By Adedapo Adesanya
Nigeria’s candidate for the position of Director-General of the World Trade Organisation (WTO), Mrs Ngozi Okonjo-Iweala, has made it into the final round. She will now face Mrs Yoo Myung-hee, South Korean Minister for Trade for the slot.
According to widespread reports, both women emerged as the last two remaining candidates after Mr Mohammed Al-Tuwaijiri of Saudi Arabia, Mr Liam Fox of the United Kingdom and Kenya’s Mrs Amina Mohamed were unable to gain enough support in the second round of consultations leading to their elimination.
The other candidates, Mr Jesus Saede Kuri of Mexico, Mr Tudor Ulianovschi of Moldova and Mr Abdel-Hamid Mamdouh of Egypt were dropped during the first round.
This means the institution will have its first female head in its 25 years of establishment.
Mr David Walker, WTO General Council Chairman, will formally announce the results to the institution’s delegates today in Geneva, Switzerland.
The final phase of the consultation process to name a consensus winner will continue later in October and run until November 6, 2020. In the case that WTO members fail to produce a leader by consensus, a vote entailing a qualified majority could be held as a final resort.

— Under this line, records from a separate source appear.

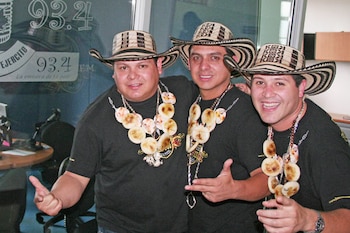 Los cantores de Chipuco dejaron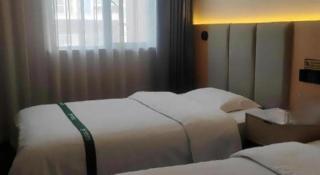 GreenTree Inn Suzhou Wujiang Zhenze Town Zhennan Road Express Hotel - 1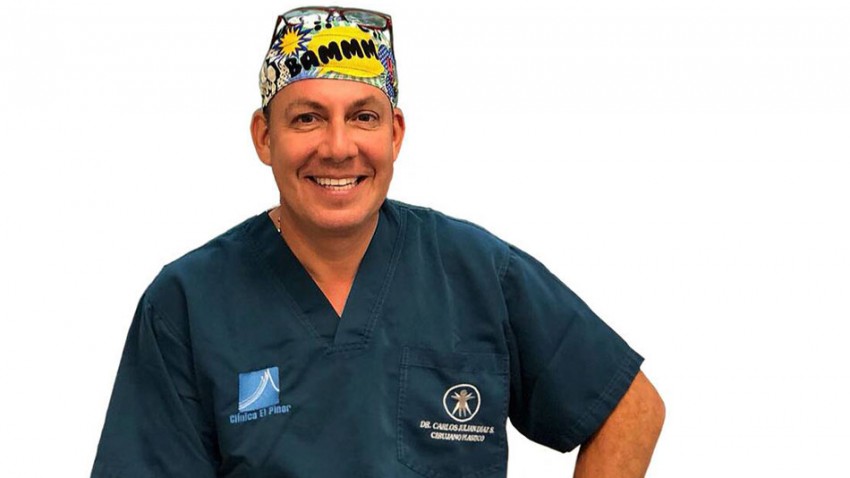 Dr. Julián Diaz imagen
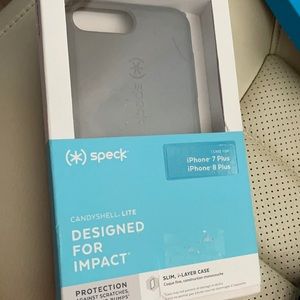iPhone 7/8 plus phone case NWT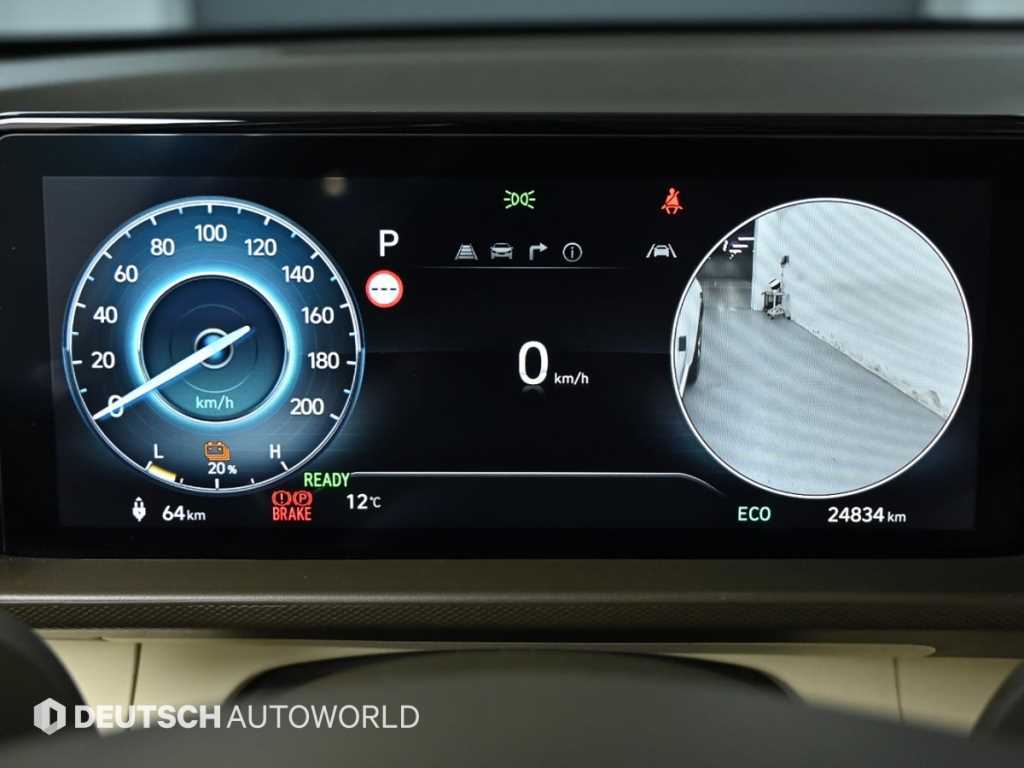 HYUNDAI Casper - Vista 8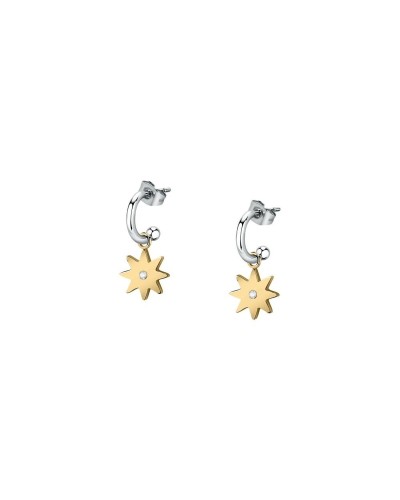 Pendientes Mujer Morellato Plata SAUY07 - Luminosos
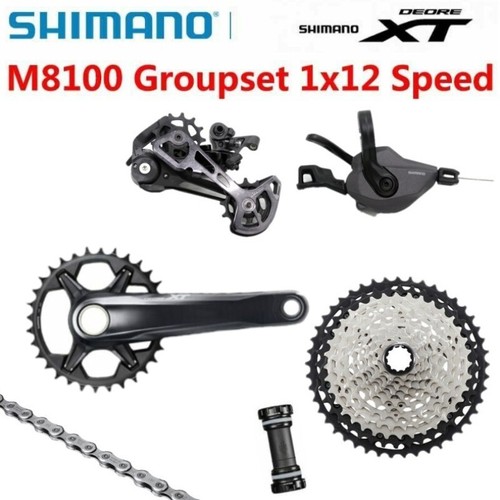 Shimano m8100 1x12 - xt,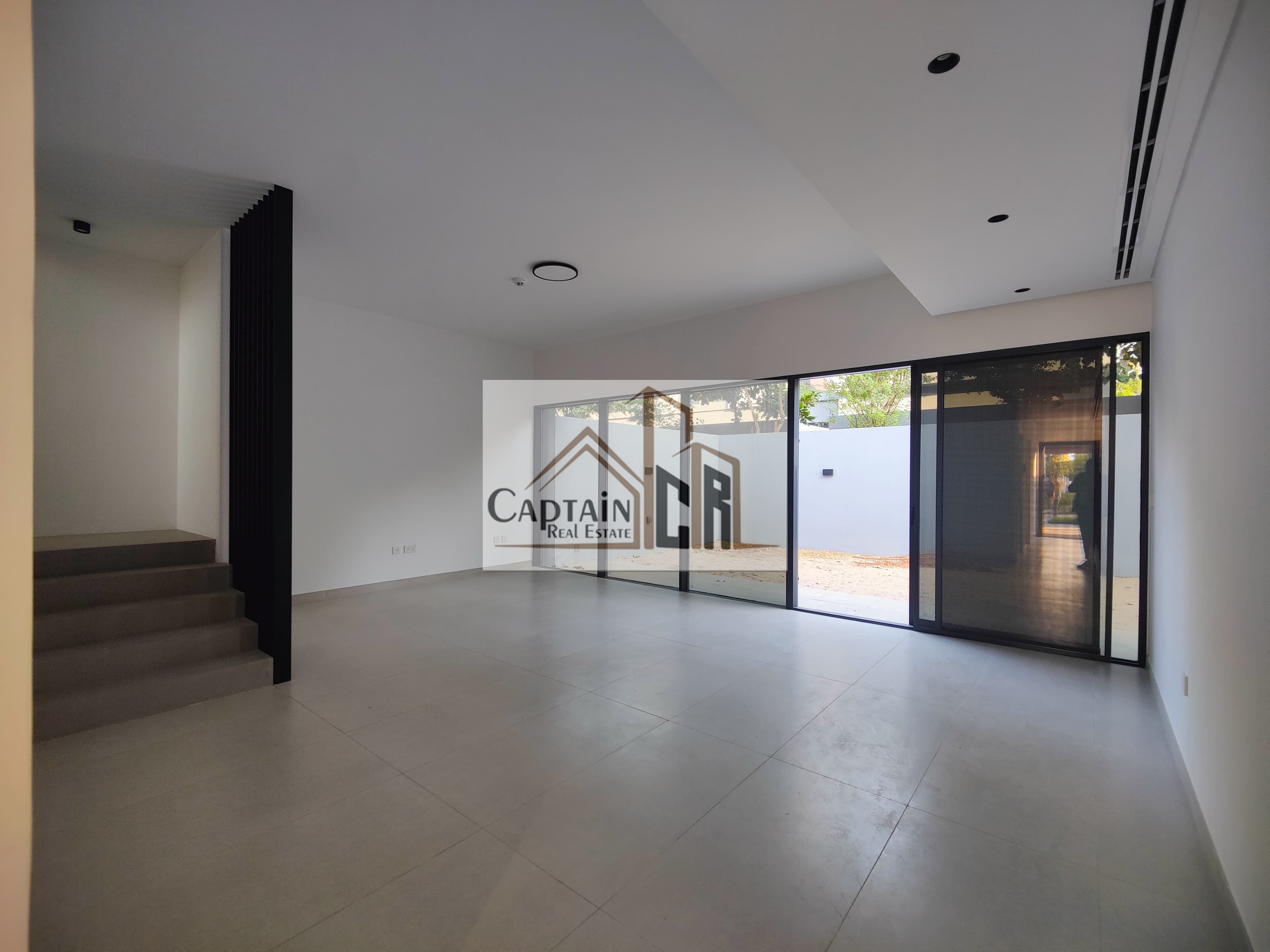 Prestige Corner Living | Contemporary 3-Bedroom Villa with L-Shaped Private Garden | Prime Gated Community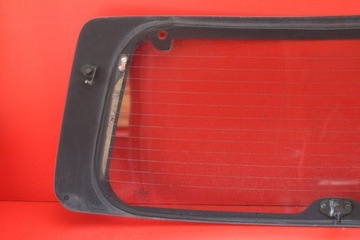 фото thumb №6, Стекло зад задняя kia sorento 1 i рестайлинг 06-11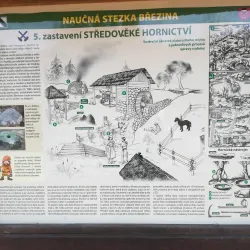 Nature Trails around Humpolec - Humpolec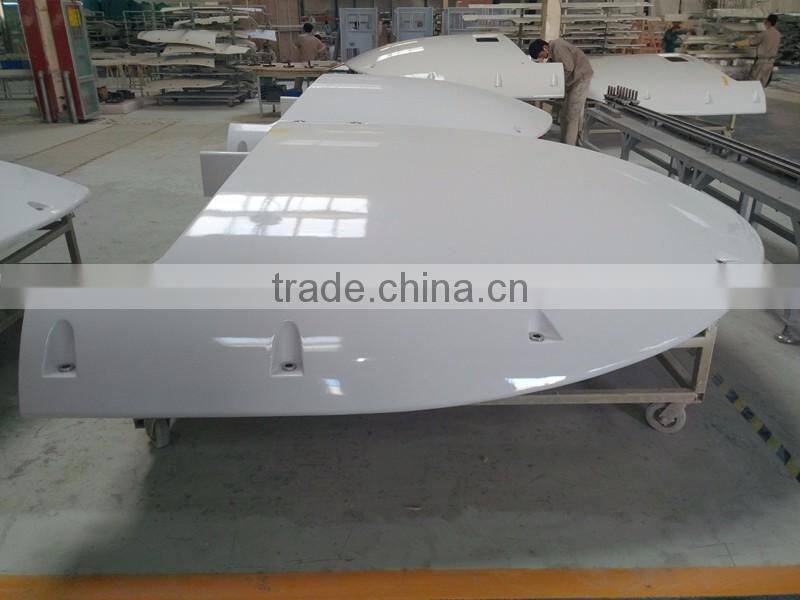 Fashion designed Top Grade chinese frp auto spare parts car body parts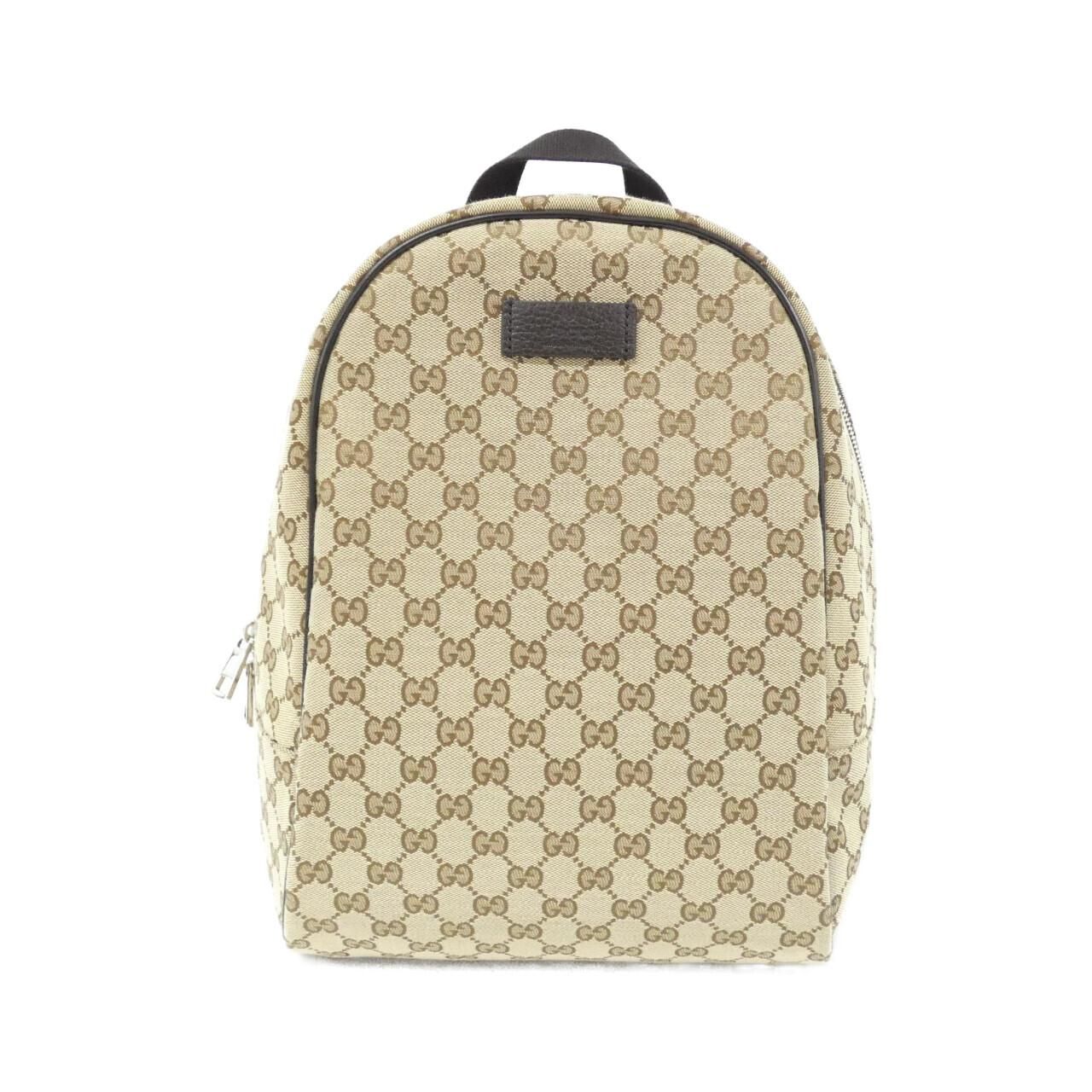 Gucci Backpack Beige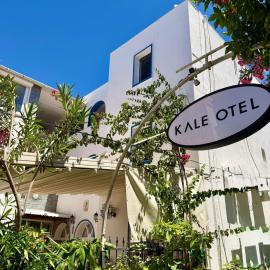 Kale Otel Bodrum,位于博德鲁姆的酒店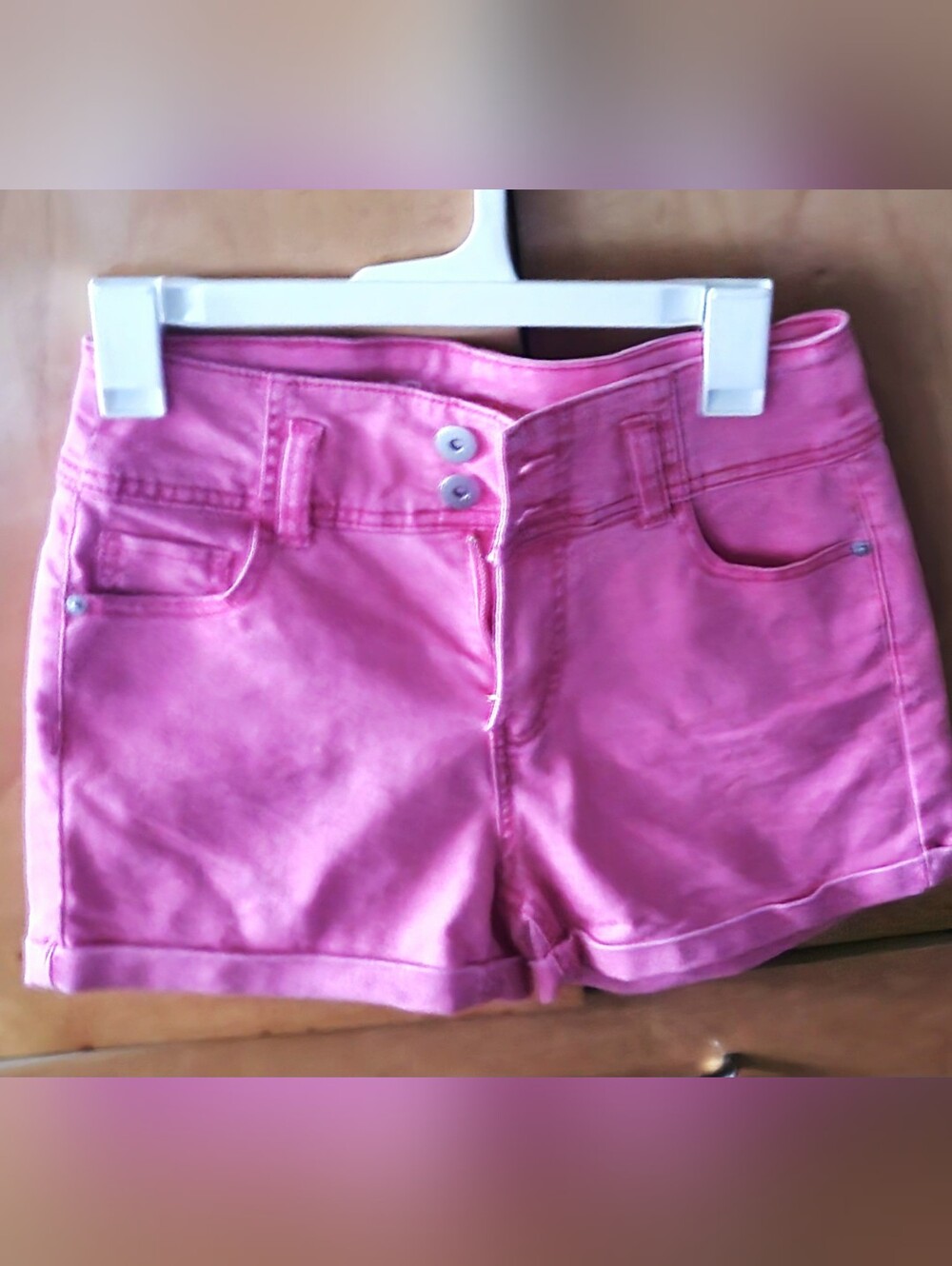 No Boundaries High-Rise Jeans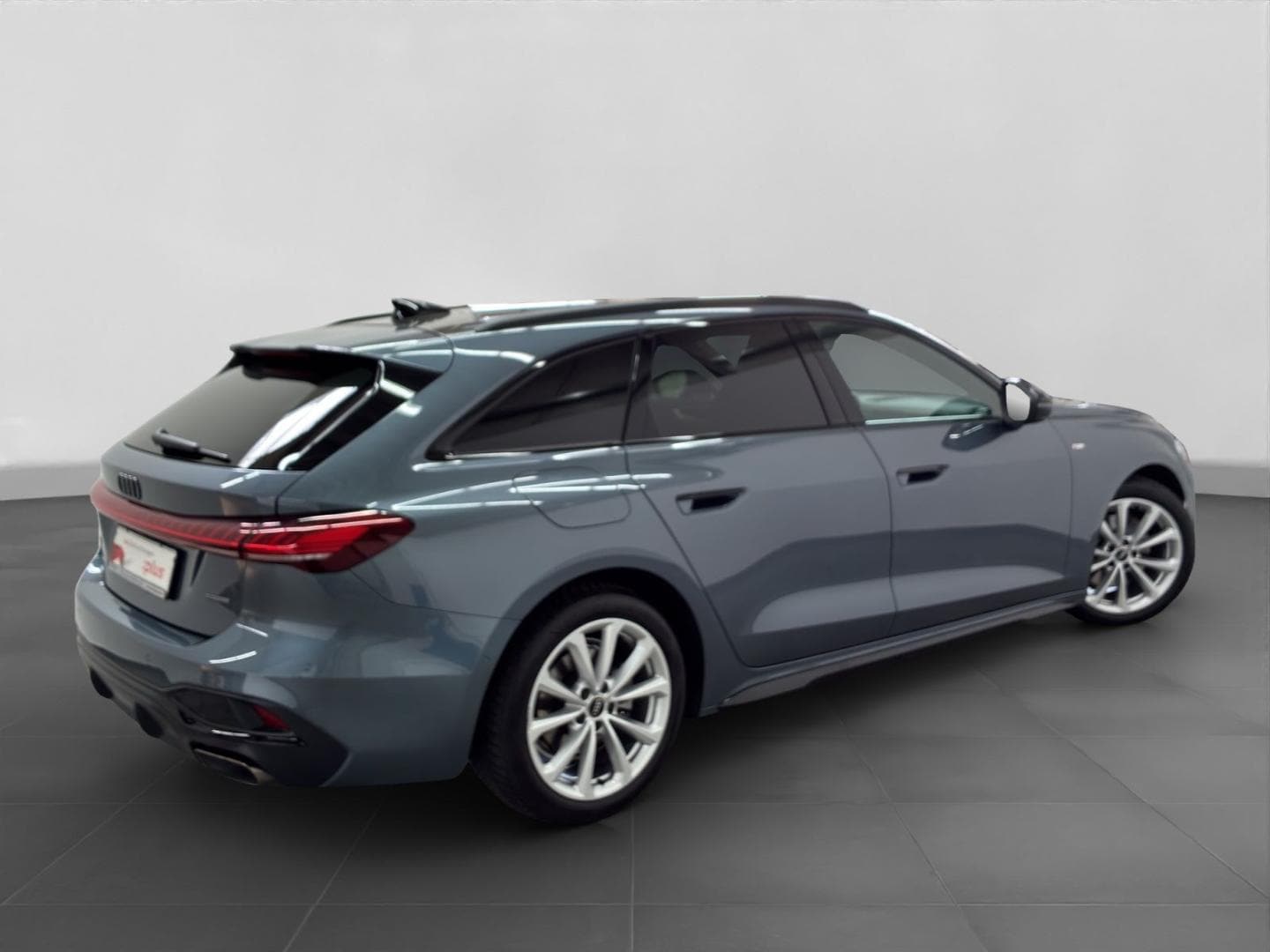 Bild über Audi A5 Avant TFSI quattro S tronic - für weitere Informationen kontaktieren Sie den Audi Partner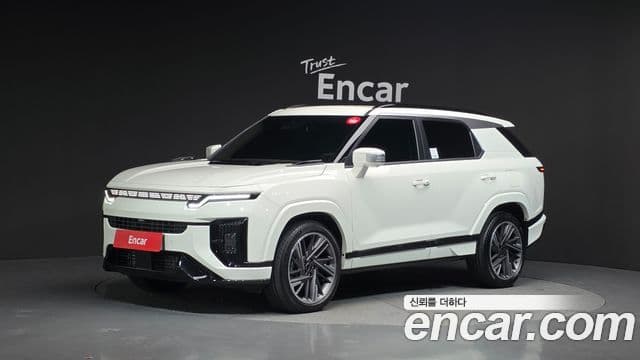 KG모빌리티(SsangYong) Actyon 2세대 S9, 2025 1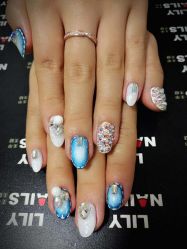 -LILY NAILS美甲美睫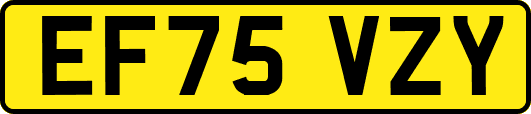 EF75VZY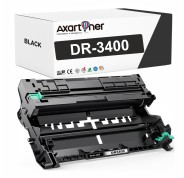 Compatible Brother DR3400 Tambor de Imagen (Drum) DR-3400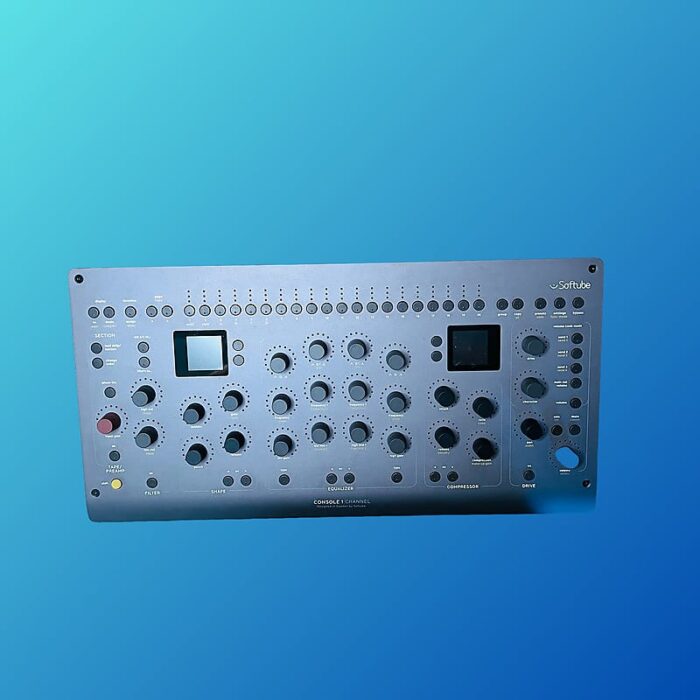 Softube Console 1 Channel MKIII Control Surface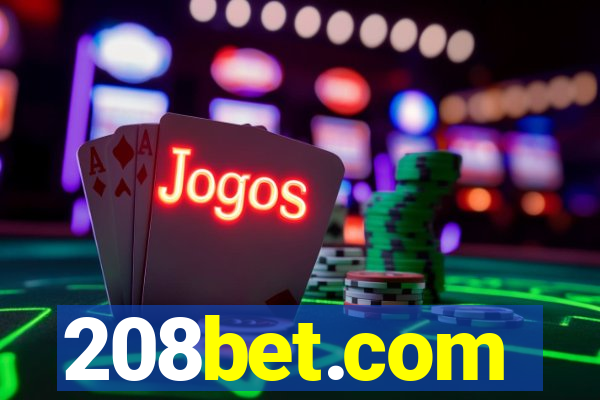 208bet.com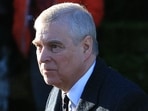Britain's Prince Andrew, Duke of York.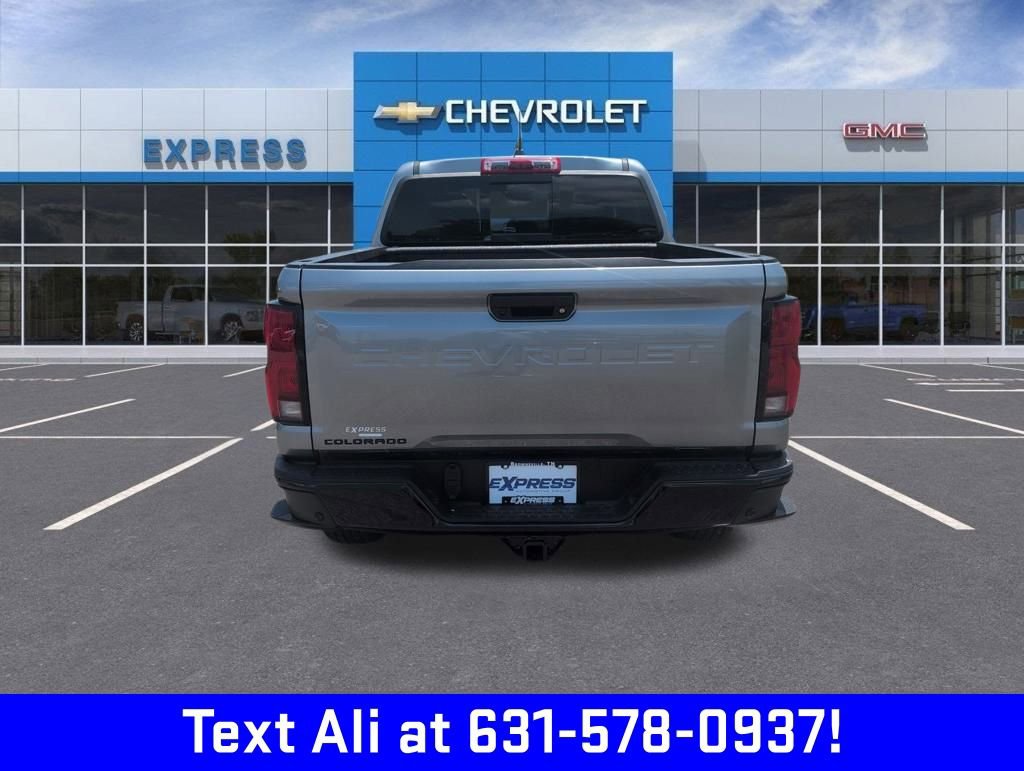 2025 Chevrolet Colorado Z71 photo 4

Business Post had reported that the vacancy for the WTO chair position arose after Mr Roberto Azevedo, the former head tendered his resignation on August 31, 2020, a year before the end of his tenure.
Mrs Okonjo Iweala, 66, has served as Nigeria’s finance minister under the administrations of Presidents Olusegun Obasanjo and Goodluck Jonathan. She also served as a development economist at the World Bank where she rose to become the managing director.
She is also on the Twitter board of directors and is a special envoy for the World Health Organization’s COVID-19 fight.
Her emergence as DG would not only mean she is the first woman, but also the first African to lead the global trade body.
Mrs Yoo Myung-hee, 53, is the current Minister for Trade of South Korea. She is the first woman to hold the position. She has worked in various government agencies for more than 25 years and is considered a veteran in the Korean politics and trade circles.
Whoever wins will have their work cut out for them as the trade body is facing multiple crises, and struggling to help members navigate a severe global economic slump triggered by the coronavirus pandemic.
Even before the emergence of the pandemic, the organisation was grappling with stalled trade talks and struggling to curb tensions between the United States and China.